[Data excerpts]
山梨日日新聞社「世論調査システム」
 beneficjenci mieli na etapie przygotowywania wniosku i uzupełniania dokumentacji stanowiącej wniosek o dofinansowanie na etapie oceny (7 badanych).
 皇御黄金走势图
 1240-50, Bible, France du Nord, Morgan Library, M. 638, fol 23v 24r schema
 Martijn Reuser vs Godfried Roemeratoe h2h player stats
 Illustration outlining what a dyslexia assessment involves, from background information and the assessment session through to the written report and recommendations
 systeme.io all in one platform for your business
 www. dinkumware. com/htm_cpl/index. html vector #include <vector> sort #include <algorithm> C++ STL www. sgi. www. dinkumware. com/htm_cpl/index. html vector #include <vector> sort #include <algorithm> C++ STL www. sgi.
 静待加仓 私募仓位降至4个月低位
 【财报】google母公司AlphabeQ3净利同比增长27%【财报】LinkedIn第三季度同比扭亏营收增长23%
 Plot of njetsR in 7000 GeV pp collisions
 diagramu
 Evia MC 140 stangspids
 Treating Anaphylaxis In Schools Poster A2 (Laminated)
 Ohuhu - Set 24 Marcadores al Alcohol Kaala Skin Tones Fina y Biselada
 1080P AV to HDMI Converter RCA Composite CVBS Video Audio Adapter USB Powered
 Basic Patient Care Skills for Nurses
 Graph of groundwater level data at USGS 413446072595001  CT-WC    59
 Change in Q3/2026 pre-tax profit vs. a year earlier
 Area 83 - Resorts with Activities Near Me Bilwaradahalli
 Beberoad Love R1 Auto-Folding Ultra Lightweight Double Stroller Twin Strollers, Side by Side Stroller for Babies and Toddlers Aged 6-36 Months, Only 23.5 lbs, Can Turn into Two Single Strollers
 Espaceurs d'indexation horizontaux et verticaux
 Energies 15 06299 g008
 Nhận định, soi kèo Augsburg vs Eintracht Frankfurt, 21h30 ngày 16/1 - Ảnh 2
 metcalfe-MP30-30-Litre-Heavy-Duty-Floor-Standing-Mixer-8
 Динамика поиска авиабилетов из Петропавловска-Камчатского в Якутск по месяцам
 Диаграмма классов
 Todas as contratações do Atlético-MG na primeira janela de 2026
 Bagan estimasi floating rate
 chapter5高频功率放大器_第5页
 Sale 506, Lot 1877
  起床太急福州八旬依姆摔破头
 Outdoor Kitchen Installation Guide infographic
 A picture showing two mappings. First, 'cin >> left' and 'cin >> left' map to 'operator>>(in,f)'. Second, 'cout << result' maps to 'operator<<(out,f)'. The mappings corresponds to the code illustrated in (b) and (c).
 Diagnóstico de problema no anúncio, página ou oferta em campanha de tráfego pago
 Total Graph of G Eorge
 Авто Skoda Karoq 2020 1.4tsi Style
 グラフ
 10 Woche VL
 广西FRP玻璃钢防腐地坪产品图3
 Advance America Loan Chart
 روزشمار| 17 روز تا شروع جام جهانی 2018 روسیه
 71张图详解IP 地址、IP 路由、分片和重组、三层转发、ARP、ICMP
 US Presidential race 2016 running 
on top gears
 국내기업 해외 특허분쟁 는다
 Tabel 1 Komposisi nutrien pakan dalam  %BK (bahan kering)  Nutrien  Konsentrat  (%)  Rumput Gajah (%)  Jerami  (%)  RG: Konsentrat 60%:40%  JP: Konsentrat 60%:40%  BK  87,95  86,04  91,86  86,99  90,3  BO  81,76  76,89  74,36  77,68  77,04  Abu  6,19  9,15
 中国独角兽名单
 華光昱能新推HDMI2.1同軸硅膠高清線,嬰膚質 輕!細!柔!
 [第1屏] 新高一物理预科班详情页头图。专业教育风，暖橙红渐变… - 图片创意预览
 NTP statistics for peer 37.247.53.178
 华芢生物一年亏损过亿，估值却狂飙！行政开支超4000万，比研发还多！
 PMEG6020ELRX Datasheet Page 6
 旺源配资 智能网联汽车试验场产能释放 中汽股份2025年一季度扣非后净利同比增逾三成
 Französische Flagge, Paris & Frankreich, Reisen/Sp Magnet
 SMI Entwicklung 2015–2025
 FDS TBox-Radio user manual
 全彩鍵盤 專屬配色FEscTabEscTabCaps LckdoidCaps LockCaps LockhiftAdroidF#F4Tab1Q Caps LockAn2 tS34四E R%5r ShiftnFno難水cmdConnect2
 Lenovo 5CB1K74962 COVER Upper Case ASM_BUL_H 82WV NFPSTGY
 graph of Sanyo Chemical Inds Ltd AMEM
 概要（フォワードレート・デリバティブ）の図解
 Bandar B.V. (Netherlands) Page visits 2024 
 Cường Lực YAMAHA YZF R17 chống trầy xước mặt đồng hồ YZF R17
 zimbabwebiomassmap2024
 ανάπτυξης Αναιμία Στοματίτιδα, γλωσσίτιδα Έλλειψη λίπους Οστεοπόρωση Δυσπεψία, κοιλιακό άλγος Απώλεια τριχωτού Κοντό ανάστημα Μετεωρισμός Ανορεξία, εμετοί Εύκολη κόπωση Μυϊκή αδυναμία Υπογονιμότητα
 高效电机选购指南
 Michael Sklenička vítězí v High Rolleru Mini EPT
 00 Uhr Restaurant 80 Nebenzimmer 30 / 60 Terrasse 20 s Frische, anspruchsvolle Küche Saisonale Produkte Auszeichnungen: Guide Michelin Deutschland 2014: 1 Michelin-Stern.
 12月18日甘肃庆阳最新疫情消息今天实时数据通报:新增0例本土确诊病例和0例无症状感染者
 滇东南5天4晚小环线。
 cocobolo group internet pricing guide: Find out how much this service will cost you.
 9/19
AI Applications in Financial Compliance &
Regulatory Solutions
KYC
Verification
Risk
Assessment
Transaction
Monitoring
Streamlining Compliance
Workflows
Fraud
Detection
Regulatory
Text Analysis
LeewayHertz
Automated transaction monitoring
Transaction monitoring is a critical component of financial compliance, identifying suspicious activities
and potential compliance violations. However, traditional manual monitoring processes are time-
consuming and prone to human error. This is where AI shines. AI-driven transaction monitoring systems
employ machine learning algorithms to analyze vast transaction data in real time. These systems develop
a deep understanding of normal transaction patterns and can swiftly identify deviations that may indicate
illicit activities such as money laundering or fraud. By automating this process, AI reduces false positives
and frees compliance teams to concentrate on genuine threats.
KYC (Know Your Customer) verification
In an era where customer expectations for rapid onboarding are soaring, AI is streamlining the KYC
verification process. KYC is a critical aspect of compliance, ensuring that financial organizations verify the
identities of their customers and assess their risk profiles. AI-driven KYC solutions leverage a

_What needs to be done_
All of the data, from the first line to the last, should be written out exactly.

_Solution for this exercise_
山梨日日新聞社「世論調査システム」
 beneficjenci mieli na etapie przygotowywania wniosku i uzupełniania dokumentacji stanowiącej wniosek o dofinansowanie na etapie oceny (7 badanych).
 皇御黄金走势图
 1240-50, Bible, France du Nord, Morgan Library, M. 638, fol 23v 24r schema
 Martijn Reuser vs Godfried Roemeratoe h2h player stats
 Illustration outlining what a dyslexia assessment involves, from background information and the assessment session through to the written report and recommendations
 systeme.io all in one platform for your business
 www. dinkumware. com/htm_cpl/index. html vector #include <vector> sort #include <algorithm> C++ STL www. sgi. www. dinkumware. com/htm_cpl/index. html vector #include <vector> sort #include <algorithm> C++ STL www. sgi.
 静待加仓 私募仓位降至4个月低位
 【财报】google母公司AlphabeQ3净利同比增长27%【财报】LinkedIn第三季度同比扭亏营收增长23%
 Plot of njetsR in 7000 GeV pp collisions
 diagramu
 Evia MC 140 stangspids
 Treating Anaphylaxis In Schools Poster A2 (Laminated)
 Ohuhu - Set 24 Marcadores al Alcohol Kaala Skin Tones Fina y Biselada
 1080P AV to HDMI Converter RCA Composite CVBS Video Audio Adapter USB Powered
 Basic Patient Care Skills for Nurses
 Graph of groundwater level data at USGS 413446072595001  CT-WC    59
 Change in Q3/2026 pre-tax profit vs. a year earlier
 Area 83 - Resorts with Activities Near Me Bilwaradahalli
 Beberoad Love R1 Auto-Folding Ultra Lightweight Double Stroller Twin Strollers, Side by Side Stroller for Babies and Toddlers Aged 6-36 Months, Only 23.5 lbs, Can Turn into Two Single Strollers
 Espaceurs d'indexation horizontaux et verticaux
 Energies 15 06299 g008
 Nhận định, soi kèo Augsburg vs Eintracht Frankfurt, 21h30 ngày 16/1 - Ảnh 2
 metcalfe-MP30-30-Litre-Heavy-Duty-Floor-Standing-Mixer-8
 Динамика поиска авиабилетов из Петропавловска-Камчатского в Якутск по месяцам
 Диаграмма классов
 Todas as contratações do Atlético-MG na primeira janela de 2026
 Bagan estimasi floating rate
 chapter5高频功率放大器_第5页
 Sale 506, Lot 1877
  起床太急福州八旬依姆摔破头
 Outdoor Kitchen Installation Guide infographic
 A picture showing two mappings. First, 'cin >> left' and 'cin >> left' map to 'operator>>(in,f)'. Second, 'cout << result' maps to 'operator<<(out,f)'. The mappings corresponds to the code illustrated in (b) and (c).
 Diagnóstico de problema no anúncio, página ou oferta em campanha de tráfego pago
 Total Graph of G Eorge
 Авто Skoda Karoq 2020 1.4tsi Style
 グラフ
 10 Woche VL
 广西FRP玻璃钢防腐地坪产品图3
 Advance America Loan Chart
 روزشمار| 17 روز تا شروع جام جهانی 2018 روسیه
 71张图详解IP 地址、IP 路由、分片和重组、三层转发、ARP、ICMP
 US Presidential race 2016 running 
on top gears
 국내기업 해외 특허분쟁 는다
 Tabel 1 Komposisi nutrien pakan dalam  %BK (bahan kering)  Nutrien  Konsentrat  (%)  Rumput Gajah (%)  Jerami  (%)  RG: Konsentrat 60%:40%  JP: Konsentrat 60%:40%  BK  87,95  86,04  91,86  86,99  90,3  BO  81,76  76,89  74,36  77,68  77,04  Abu  6,19  9,15
 中国独角兽名单
 華光昱能新推HDMI2.1同軸硅膠高清線,嬰膚質 輕!細!柔!
 [第1屏] 新高一物理预科班详情页头图。专业教育风，暖橙红渐变… - 图片创意预览
 NTP statistics for peer 37.247.53.178
 华芢生物一年亏损过亿，估值却狂飙！行政开支超4000万，比研发还多！
 PMEG6020ELRX Datasheet Page 6
 旺源配资 智能网联汽车试验场产能释放 中汽股份2025年一季度扣非后净利同比增逾三成
 Französische Flagge, Paris & Frankreich, Reisen/Sp Magnet
 SMI Entwicklung 2015–2025
 FDS TBox-Radio user manual
 全彩鍵盤 專屬配色FEscTabEscTabCaps LckdoidCaps LockCaps LockhiftAdroidF#F4Tab1Q Caps LockAn2 tS34四E R%5r ShiftnFno難水cmdConnect2
 Lenovo 5CB1K74962 COVER Upper Case ASM_BUL_H 82WV NFPSTGY
 graph of Sanyo Chemical Inds Ltd AMEM
 概要（フォワードレート・デリバティブ）の図解
 Bandar B.V. (Netherlands) Page visits 2024 
 Cường Lực YAMAHA YZF R17 chống trầy xước mặt đồng hồ YZF R17
 zimbabwebiomassmap2024
 ανάπτυξης Αναιμία Στοματίτιδα, γλωσσίτιδα Έλλειψη λίπους Οστεοπόρωση Δυσπεψία, κοιλιακό άλγος Απώλεια τριχωτού Κοντό ανάστημα Μετεωρισμός Ανορεξία, εμετοί Εύκολη κόπωση Μυϊκή αδυναμία Υπογονιμότητα
 高效电机选购指南
 Michael Sklenička vítězí v High Rolleru Mini EPT
 00 Uhr Restaurant 80 Nebenzimmer 30 / 60 Terrasse 20 s Frische, anspruchsvolle Küche Saisonale Produkte Auszeichnungen: Guide Michelin Deutschland 2014: 1 Michelin-Stern.
 12月18日甘肃庆阳最新疫情消息今天实时数据通报:新增0例本土确诊病例和0例无症状感染者
 滇东南5天4晚小环线。
 cocobolo group internet pricing guide: Find out how much this service will cost you.
 9/19
AI Applications in Financial Compliance &
Regulatory Solutions
KYC
Verification
Risk
Assessment
Transaction
Monitoring
Streamlining Compliance
Workflows
Fraud
Detection
Regulatory
Text Analysis
LeewayHertz
Automated transaction monitoring
Transaction monitoring is a critical component of financial compliance, identifying suspicious activities
and potential compliance violations. However, traditional manual monitoring processes are time-
consuming and prone to human error. This is where AI shines. AI-driven transaction monitoring systems
employ machine learning algorithms to analyze vast transaction data in real time. These systems develop
a deep understanding of normal transaction patterns and can swiftly identify deviations that may indicate
illicit activities such as money laundering or fraud. By automating this process, AI reduces false positives
and frees compliance teams to concentrate on genuine threats.
KYC (Know Your Customer) verification
In an era where customer expectations for rapid onboarding are soaring, AI is streamlining the KYC
verification process. KYC is a critical aspect of compliance, ensuring that financial organizations verify the
identities of their customers and assess their risk profiles. AI-driven KYC solutions leverage a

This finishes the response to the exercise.